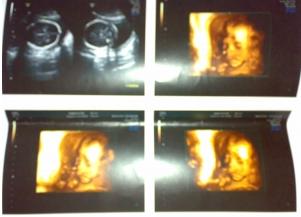 超准!轻轻松松看胎儿“性别”,准妈妈需学习一下这简单方法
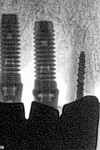 Figure 6  The digital radiograph picked up remaining cement in the sulcus and bone loss around the implant.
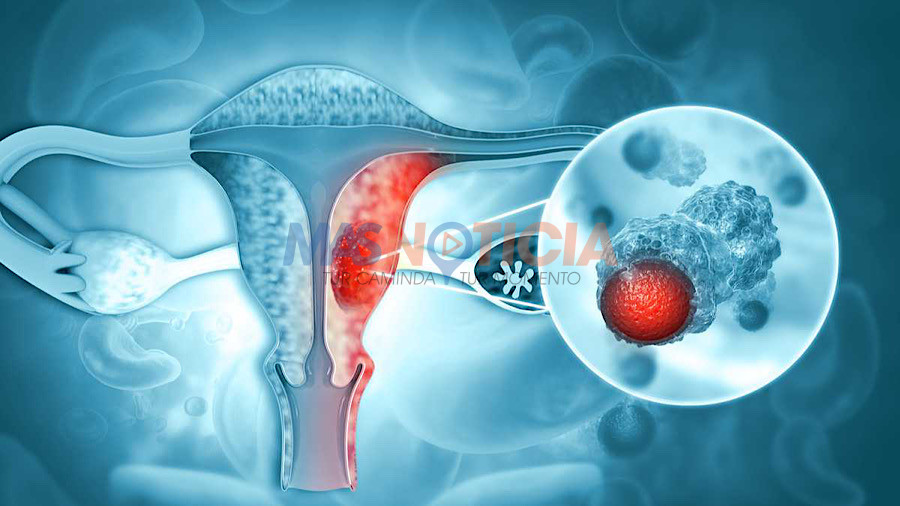 Luna di Concientisacion di Cancer na Boca di Matriz
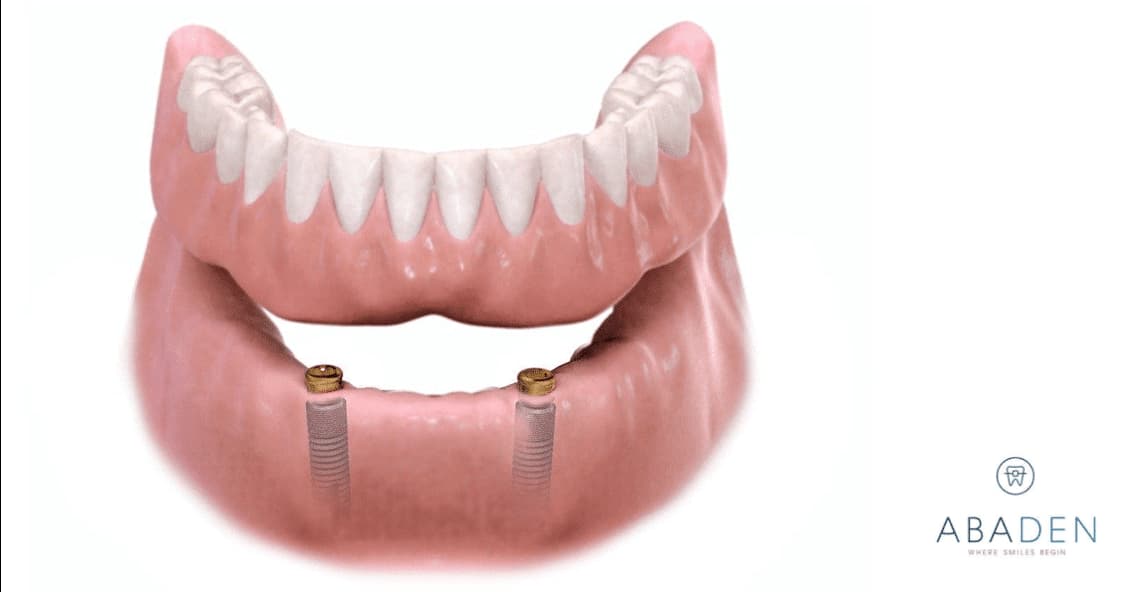 Sobredentadura sobre implantes dentales: ¿Qué ventajas tiene? ¿Cuál es su precio?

================================

* **EXERCISE INSTRUCTIONS**
Everything in the data except the pictures needs to be written out exactly.

* **YOUR RESPONSE**
 超准!轻轻松松看胎儿“性别”,准妈妈需学习一下这简单方法
 Figure 6  The digital radiograph picked up remaining cement in the sulcus and bone loss around the implant.
 Luna di Concientisacion di Cancer na Boca di Matriz
 Sobredentadura sobre implantes dentales: ¿Qué ventajas tiene? ¿Cuál es su precio?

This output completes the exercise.